Good Times Restaurants  vs.  Starbucks

 Performance 
       Timeline  
Good Times Restaurants 

Risk-Adjusted Performance

Very Weak

 
Weak
 
Strong
Over the last 90 days Good Times Restaurants has generated negative risk-adjusted returns adding no value to investors with long positions. In spite of latest inconsistent performance, the Stock's forward indicators remain healthy and the recent disarray on Wall Street may also be a sign of long period gains for the firm investors.
Starbucks 

Risk-Adjusted Performance

OK

 
Weak
 
Strong
Compared to the overall equity markets, risk-adjusted returns on investments in Starbucks are ranked lower than 10 (%) of all global equities and portfolios over the last 90 days. In spite of fairly fragile basic indicators, Starbucks showed solid returns over the last few months and may actually be approaching a breakup point.

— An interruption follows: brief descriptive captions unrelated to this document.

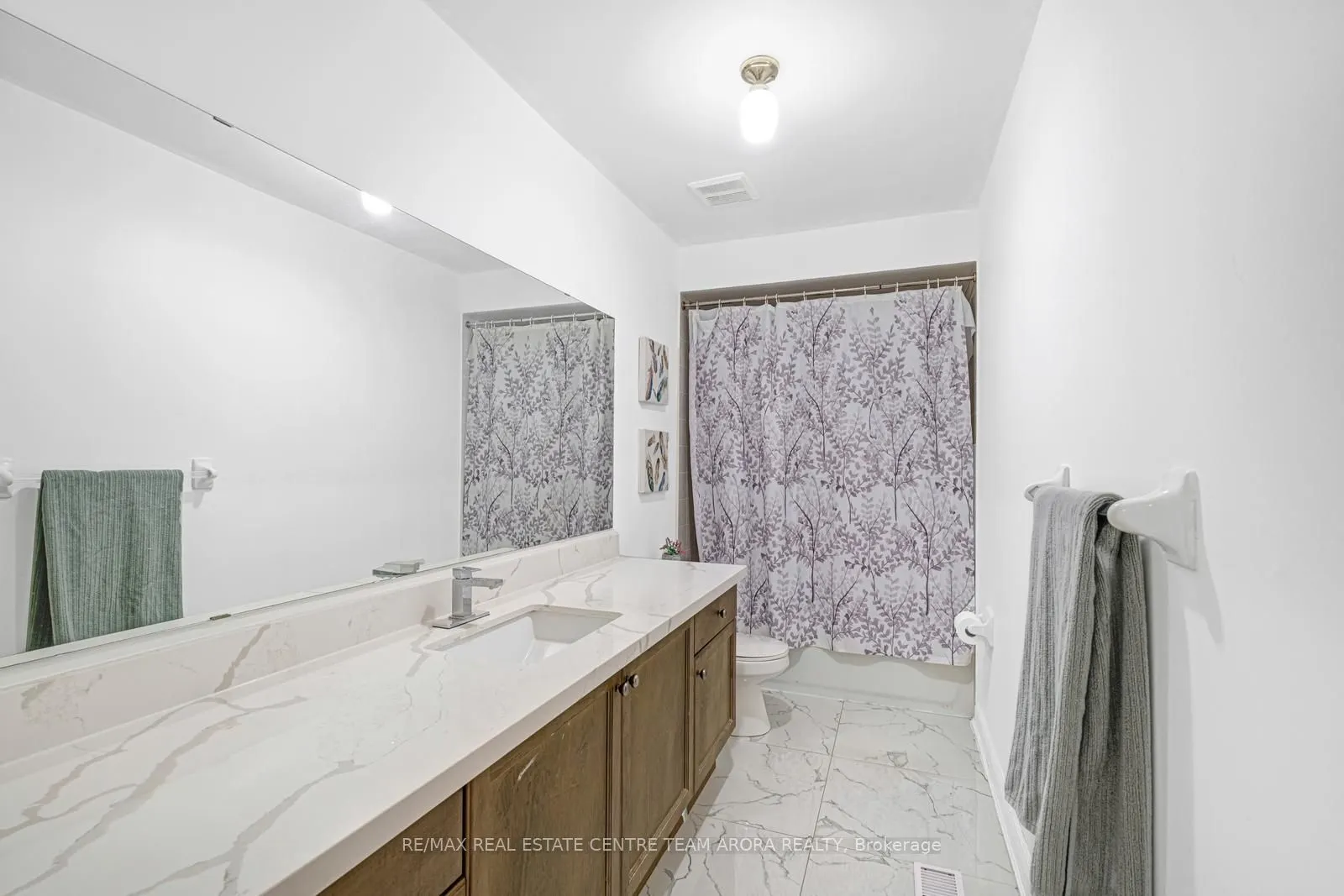 22 Outlook Avenue
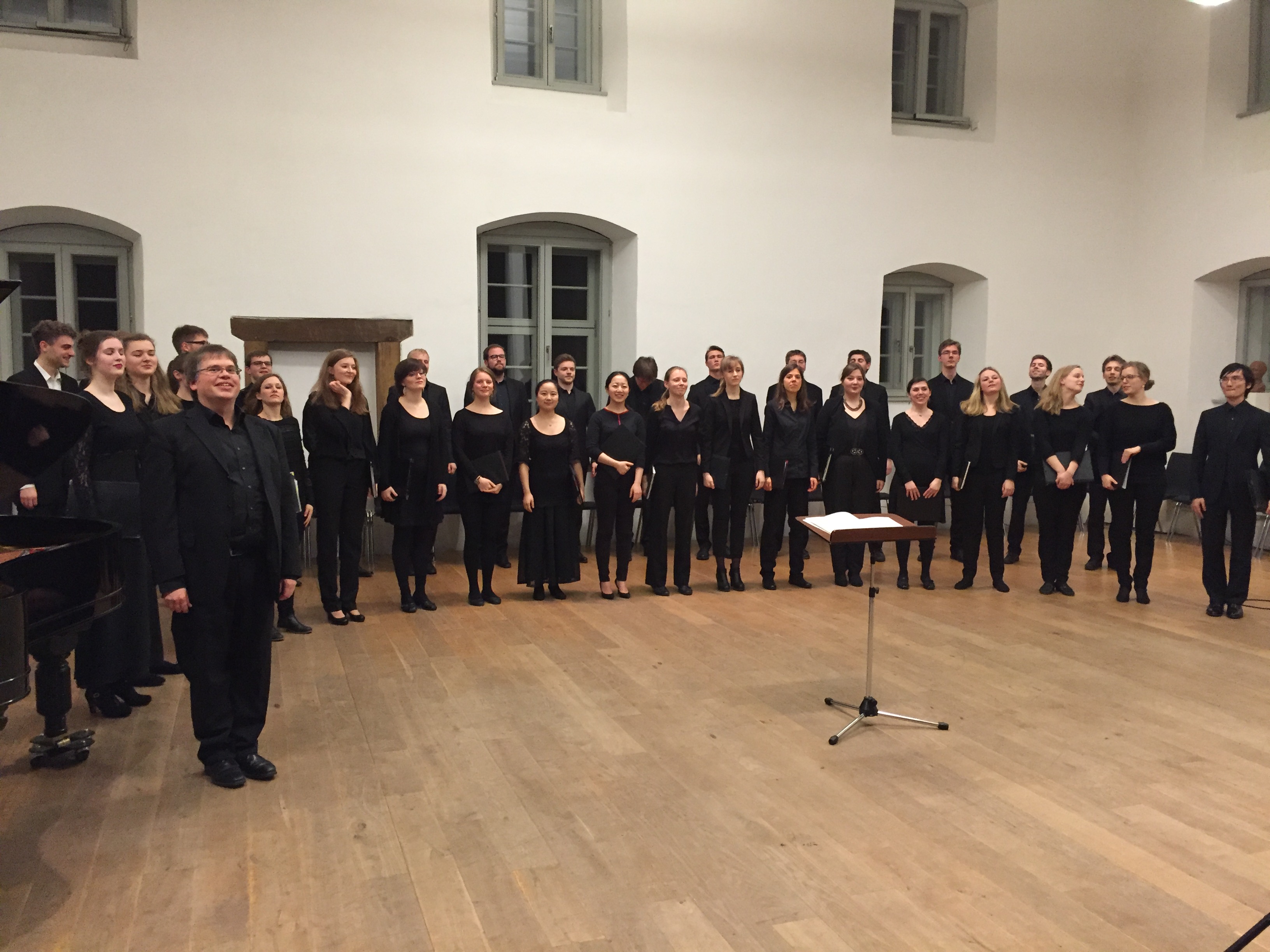 
    
            
                    Konzertchor der Hochschule für Musik, Tanz und Medien aus Hannover
                
        
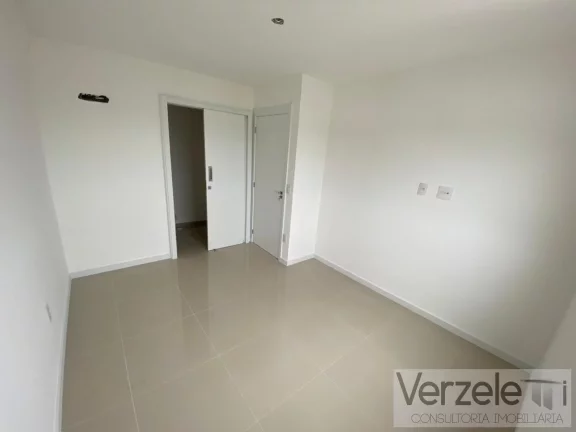 Imagem Apartamento 3 dormitórios para Venda em Balneário Camboriú / SC no bairro Estados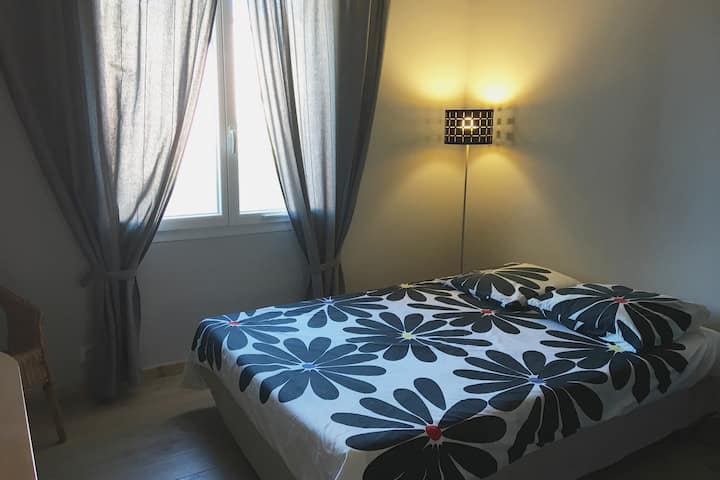 chumba cha kulala 2 , kitanda mara mbili 140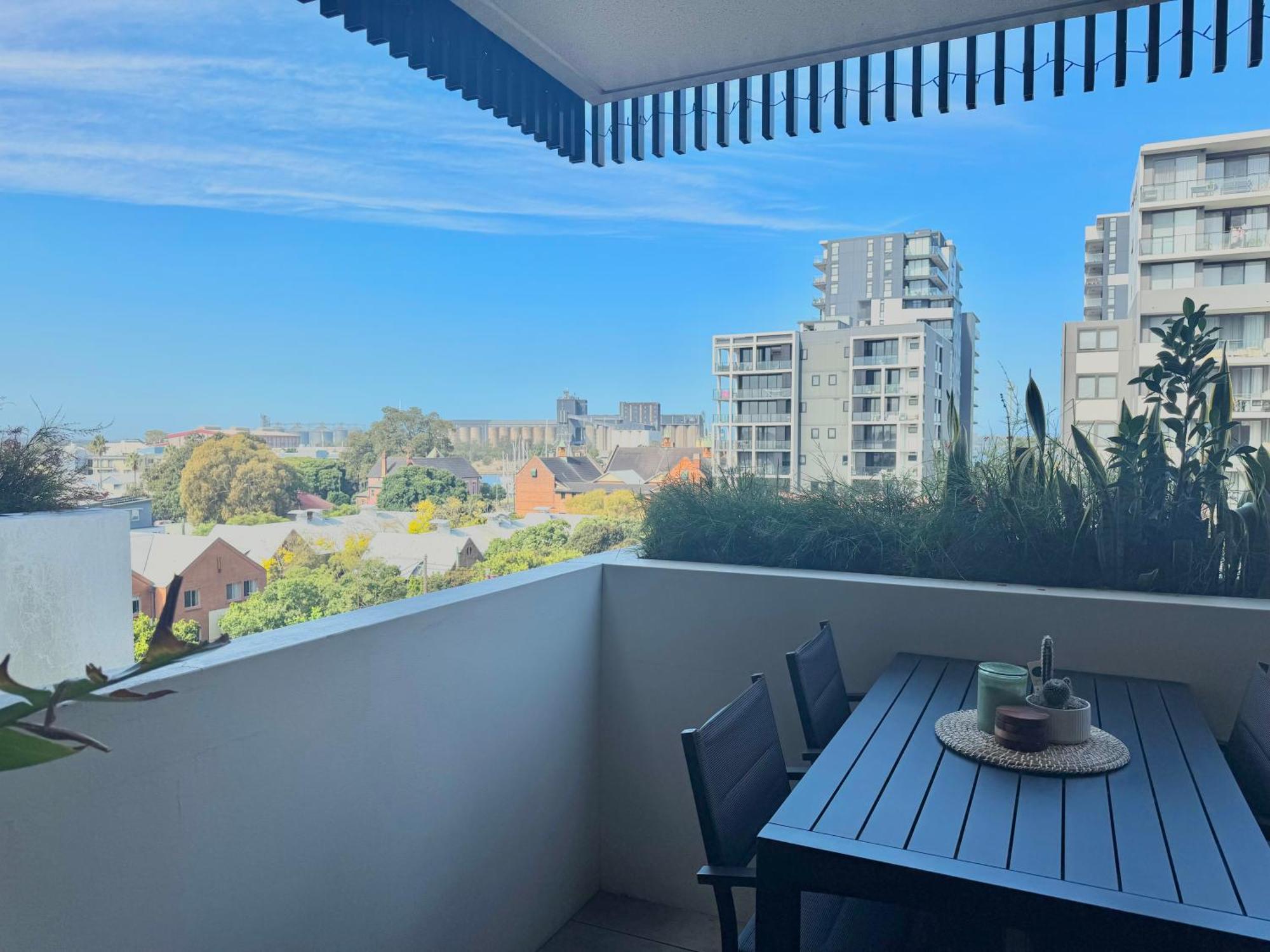 Harbour Towers, Newcastle'S Elite Apartment Stays, Free Parking & Tram Access Екстериор снимка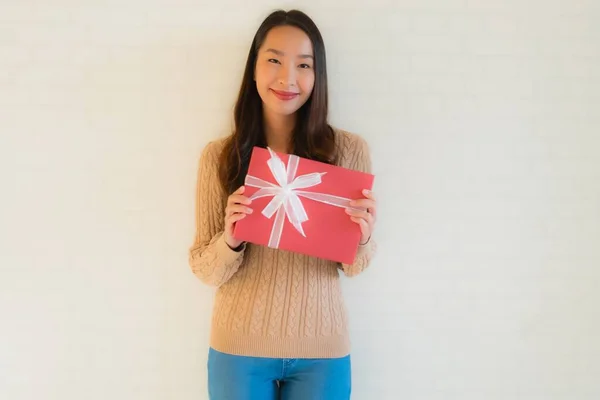 Retrato Hermosa Joven Asiático Mujeres Feliz Sonrisa Con Caja Regalo — Foto de Stock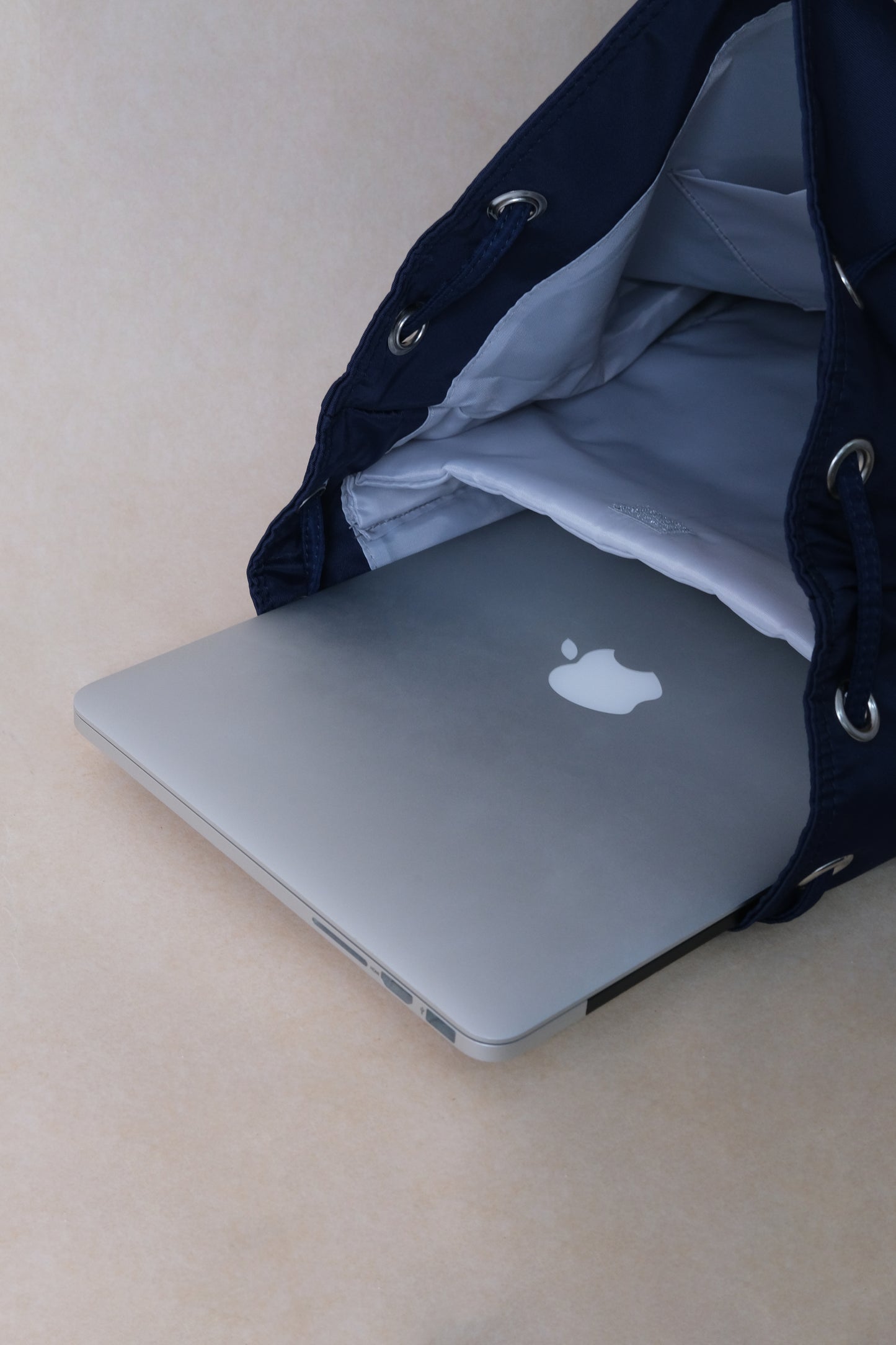 Classic Flow Laptop Bag + Mouse Pad In Dark Blue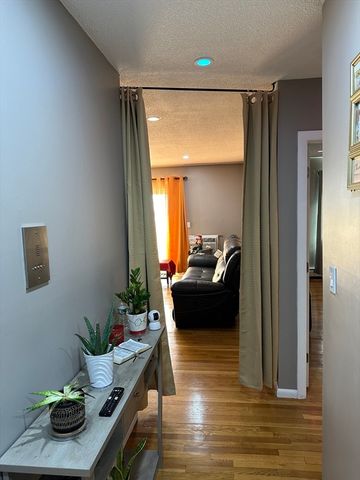 114 Nahant St. 14, Lynn, MA 01902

Good Times and Starbucks Volatility Contrast

   Predicted Return Density   
       Returns  

Pair Trading with Good Times and Starbucks

The main advantage of trading using opposite Good Times and Starbucks positions is that it hedges away some unsystematic risk. Because of two separate transactions, even if Good Times position performs unexpectedly, Starbucks can make up some of the losses. Pair trading also minimizes risk from directional movements in the market. For example, if an entire industry or sector drops because of unexpected headlines, the short position in Starbucks will offset losses from the drop in Starbucks' long position.
The idea behind Good Times Restaurants and Starbucks pairs trading is to make the combined position market-neutral, meaning the overall market's direction will not affect its win or loss (or potential downside or upside). This can be achieved by designing a pairs trade with two highly correlated stocks or equities that operate in a similar space or sector, making it possible to obtain profits through simple and relatively low-risk investment.
Check out your portfolio center.
Note that this page's information should be used as a complementary analysis to find the right mix of equity instruments to add to your existing portfolios or create a brand new portfolio. You can also try the Portfolio Center module to all portfolio management and optimization tools to improve performance of your portfolios.